Lanjut ke halaman berikutnya

Sementara itu, ketentuan pasal 10 dihapus, yang dalam UU 10/1997 berbunyi:
Ayat (1): "Produksi dan/atau pengadaan bahan baku untuk pembuatan bahan bakar nuklir hanya dilaksanakan oleh Badan Pelaksana."
Ayat (2): "Badan Pelaksana sebagaimana dimaksud pada ayat (1) dapat bekerja sama dengan Badan Usaha Milik Negara, Koperasi, dan/atau badan swasta."

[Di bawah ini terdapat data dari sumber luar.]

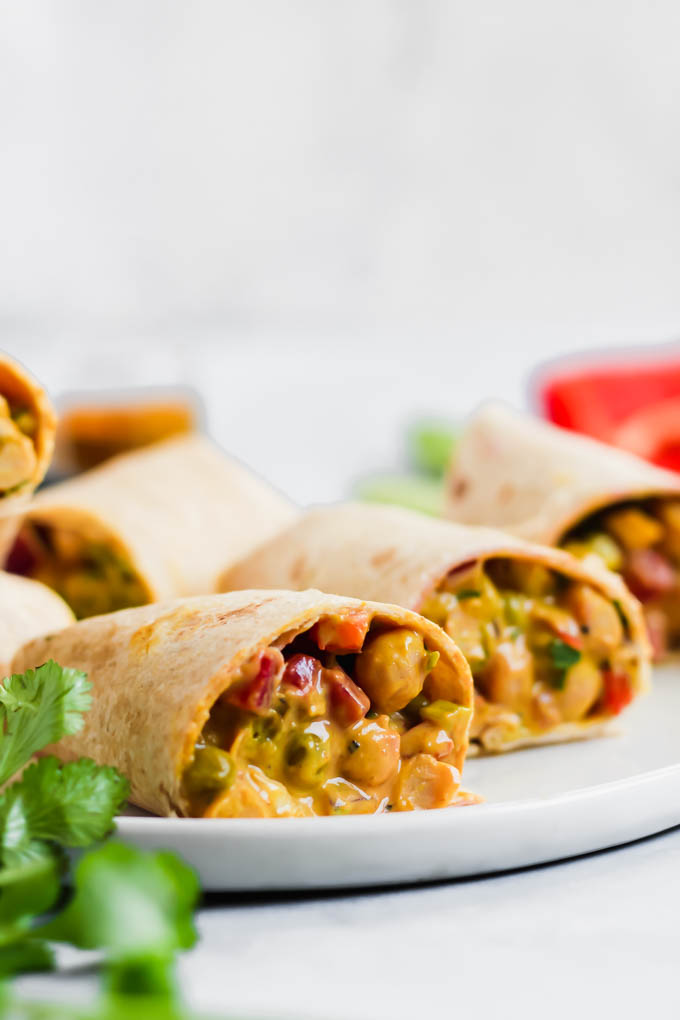 This Curried Chickpea Wrap is a simple, no-cook option for a quick lunch! Filled with beans, vegetables, & a creamy curry sauce, this wrap makes for a nutritious & satisfying meal.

Lalu, pasal 17 juga diubah dalam UU Cipta Kerja. Dalam pasal 17 ayat (1) di UU Cipta Kerja dituliskan setiap pemanfaatan tenaga nuklir wajib memiliki perizinan berusaha dari pemerintah pusat, kecuali dalam hal tertentu yang diatur dalam Peraturan Pemerintah (PP). Sementara, di pasal 17 ayat (1) UU 10/1997 hanya berbunyi: "Setiap pemanfaatan tenaga nuklir wajib memiliki izin, kecuali dalam hal-hal tertentu yang diatur lebih lanjut dengan Peraturan Pemerintah."

Di pasal 17 ayat (2) dan (3) juga diubah menjadi berbunyi:
Ayat (2): "Pembangunan dan pengoperasian reaktor nuklir dan instalasi nuklir lainnya serta dekomisioning reaktor nuklir wajib memenuhi Perizinan Berusaha dari Pemerintah Pusat."
Ayat (3): "Ketentuan lebih lanjut mengenai syarat dan tata cara Perizinan Berusaha sebagaimana dimaksud pada ayat (1) dan ayat (2) diatur dengan Peraturan Pemerintah."

Lalu, ketentuan pasal 18 dihapus dalam UU Cipta Kerja. Sementara, di UU 10/1997 ketentuan pasal 18 ialah biaya bagi izin usaha yang berbunyi:
Ayat (1): "Setiap izin sebagaimana dimaksud dalam Pasal 17 dikenakan biaya."
Ayat (2): "Besar biaya sebagaimana dimaksud pada ayat (1) ditetapkan dengan Keputusan Menteri Keuangan."

Selanjutnya, pasal 20 ayat (1) juga diubah dari UU 10/1997 menjadi berbunyi:
Ayat (1): "Inspeksi terhadap instalasi nuklir dan instalasi yang memanfaatkan radiasi pengion dilaksanakan oleh Pemerintah Pusat."

Perubahan terakhir ialah di pasal 25 ayat (1) menjadi berbunyi:
Ayat (1): "Pemerintah Pusat menyediakan tempat penyimpanan lestari limbah radioaktif tingkat tinggi."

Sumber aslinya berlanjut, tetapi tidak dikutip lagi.